▶ **About this task**
Would you return the listing that follows exactly, leaving its pictures behind?

▶ **Supplied information**
^^^^^^^^

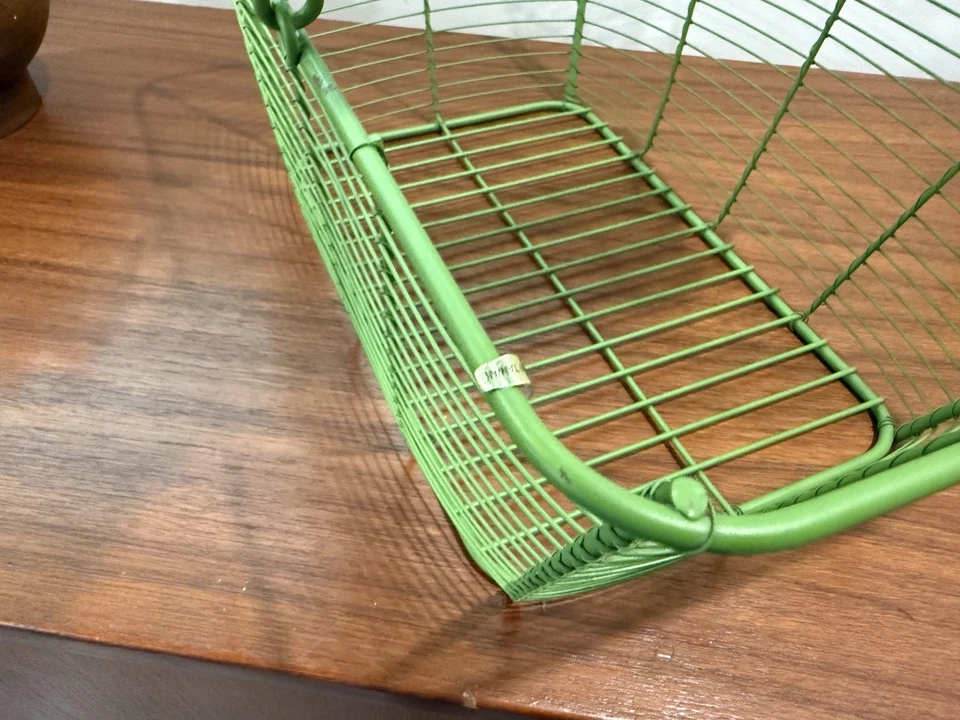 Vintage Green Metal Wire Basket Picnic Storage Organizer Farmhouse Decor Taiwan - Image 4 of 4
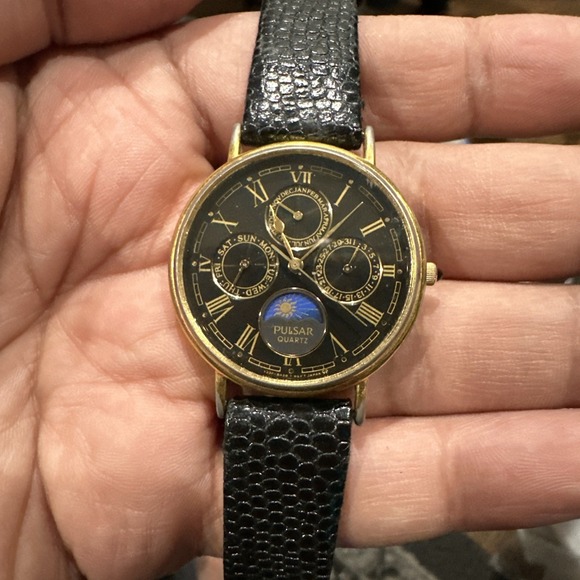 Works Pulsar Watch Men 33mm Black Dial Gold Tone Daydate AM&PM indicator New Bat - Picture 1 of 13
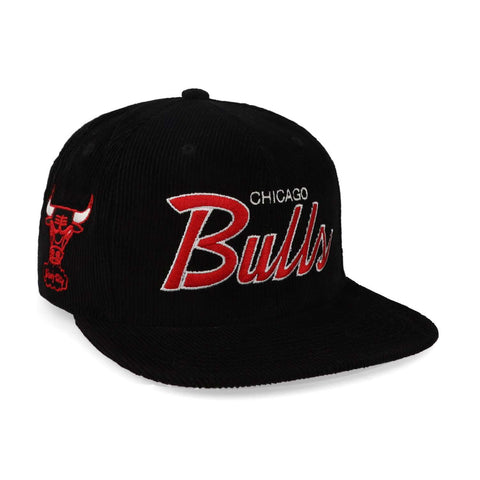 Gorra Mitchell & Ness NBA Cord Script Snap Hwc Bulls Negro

^^^^^^^^

▶ **Response to this exercise**
 Vintage Green Metal Wire Basket Picnic Storage Organizer Farmhouse Decor Taiwan - Image 4 of 4
 Works Pulsar Watch Men 33mm Black Dial Gold Tone Daydate AM&PM indicator New Bat - Picture 1 of 13
 Gorra Mitchell & Ness NBA Cord Script Snap Hwc Bulls Negro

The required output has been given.